Good agreement with experimental data and finite-volume RANS solutions.

Accurate predictions of skin friction and boundary layer profiles.

Method is suitable for GPU implementation and complex geometries.

Abstract

We propose an enhanced wall-boundary treatment for the lattice Boltzmann method (LBM), designed for high-Reynolds-number turbulent flows on adaptively refined Cartesian grids. The method improves the slip-velocity bounce-back scheme by coupling it with a near-wall turbulence model based on an analytical wall function. The Spalart-Allmaras (negative) turbulence model is solved using a second-order finite-difference scheme and integrated within the LBM framework to statistically represent the Reynolds-Averaged Navier-Stokes (RANS) equations (LBM-RANS).

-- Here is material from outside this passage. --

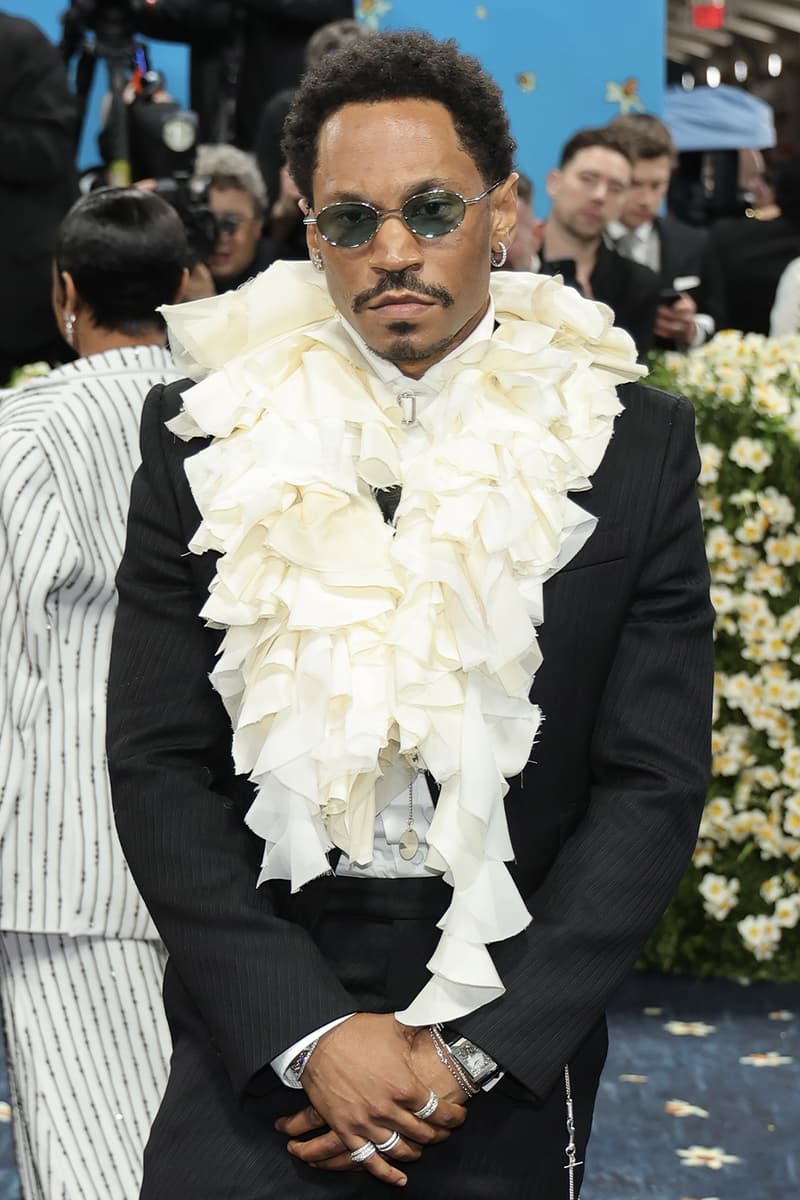 Wrist Check: Met Gala 2025 Audemars Piguet Patek Philippe Rolex Richard Mille h mosier jacob co omega Jaeger-LeCoultre Reverso cartier bulgari octo finissim ultra cosc asap rocky pharrell richard mille jeff goldblum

The approach is validated on two benchmark configurations: the National Advisory Committee for Aeronautics (NACA) 0012 airfoil and the McDonnell Douglas (MD)-30P30N multi-element high-lift configuration. LBM-RANS results show good agreement with conventional finite-volume RANS solutions and experimental data for key aerodynamic quantities, including pressure and skin-friction distributions, as well as turbulent boundary layer velocity profiles and eddy-viscosity fields. The method delivers smooth and accurate predictions of skin friction, which are often challenging for immersed-boundary approaches on Cartesian grids. The auxiliary geometric data required for enforcing the turbulent boundary condition are minimal, making the method potentially well-suited for graphics processing unit (GPU)-based implementations. Moreover, no ad-hoc near-wall treatments are needed, as the boundary condition is applied naturally via the link-wise bounce-back scheme. These results illustrate that the proposed LBM-RANS framework can robustly and accurately simulate high-Reynolds-number turbulent two-dimensional (2D) flows over complex aerodynamic geometries under equilibrium or near-equilibrium conditions.